Out-Law News 2 min. read

Turbulence hits Dell's 'cloud computing' trade mark


The US Patent and Trade mark Office will re-examine Dell's attempt to register the term 'cloud computing' as a trade mark. The Office's notice of allowance of the trade mark was cancelled this week and the case returned for examination.

The term cloud computing has become a synonym for remote computing, the use of servers on the internet to do the processing work in a job or to host software applications and data.

Dell faced an outcry when it became known that it had applied to trade mark the term. It made the application in 2007 and launched its Cloud Computing Solution, a set of hardware and services which were designed to offer customers remote computing.

Dell told reporters that the trade mark would not give it exclusive use of the term cloud computing and that the application was only designed to protect its products.

In March 2007 Dell made its application for the term in relation to "design of computer hardware for use in data centers and mega-scale computing environments for others; customization of computer hardware for use in data centers and mega-scale computing environments for others".

A participant in an online group discussing cloud computing found out about the application and publicised it, following which Dell has faced criticism about filing a trade mark application for a term which many see as generic.

Lindsey Wrenn, a trade mark law specialist at Pinsent Masons, the law firm behind OUT-LAW, said that even if successful, Dell's rights over the general term cloud computing would be limited.

"In trade mark law there is a general preclusion against the grant of monopoly rights in descriptive or generic terms which might be required by other traders on the basis that such terms cannot denote exclusively the origin of a single business," she said.
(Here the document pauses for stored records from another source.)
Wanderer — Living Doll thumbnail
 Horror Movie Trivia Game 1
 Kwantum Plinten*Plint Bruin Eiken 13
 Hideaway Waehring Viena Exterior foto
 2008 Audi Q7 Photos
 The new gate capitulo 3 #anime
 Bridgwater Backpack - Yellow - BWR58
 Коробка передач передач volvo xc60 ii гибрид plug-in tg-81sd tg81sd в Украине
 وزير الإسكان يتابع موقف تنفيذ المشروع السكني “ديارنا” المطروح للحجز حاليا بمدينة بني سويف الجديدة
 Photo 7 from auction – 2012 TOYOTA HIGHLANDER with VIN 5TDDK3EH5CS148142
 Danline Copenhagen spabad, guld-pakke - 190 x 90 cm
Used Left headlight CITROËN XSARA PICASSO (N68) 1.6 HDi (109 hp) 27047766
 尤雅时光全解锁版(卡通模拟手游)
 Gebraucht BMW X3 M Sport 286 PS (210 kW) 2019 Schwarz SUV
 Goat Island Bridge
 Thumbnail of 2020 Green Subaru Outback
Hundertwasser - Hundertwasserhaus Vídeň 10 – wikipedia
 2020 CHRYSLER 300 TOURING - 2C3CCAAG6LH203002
"Even if Dell were to argue that their use is not directly descriptive, i.e. it is used for a different type of service, they may be able to secure a suitably limited registration but would only be able to enforce it in this narrow field and would not be able to stop others from using the term cloud computing in a descriptive sense," she said.

"Also, trade mark registration rights are limited to the extent that it is not an infringement if another party uses the mark in a descriptive sense to genuinely describe their own goods or services," said Wrenn.

Cloud computing is a name for the use of remote machines to complete a job. The IT industry has promoted the use of networks of powerful computers for particular tasks for some time under a variety of names.

These names have included: application service provider, software on demand, software as a service, utility computing, remote computing and web services, as well as cloud computing.

"A US application was filed back in May 1997 for cloud computing in the name of NetCentric Corporation, which was abandoned," said Wrenn. "It may be that the term was not considered distinctive even 10 years ago. As a result, I doubt whether the Dell application will go forward to registration but no doubt if it does someone will try to invalidate it is ever enforced."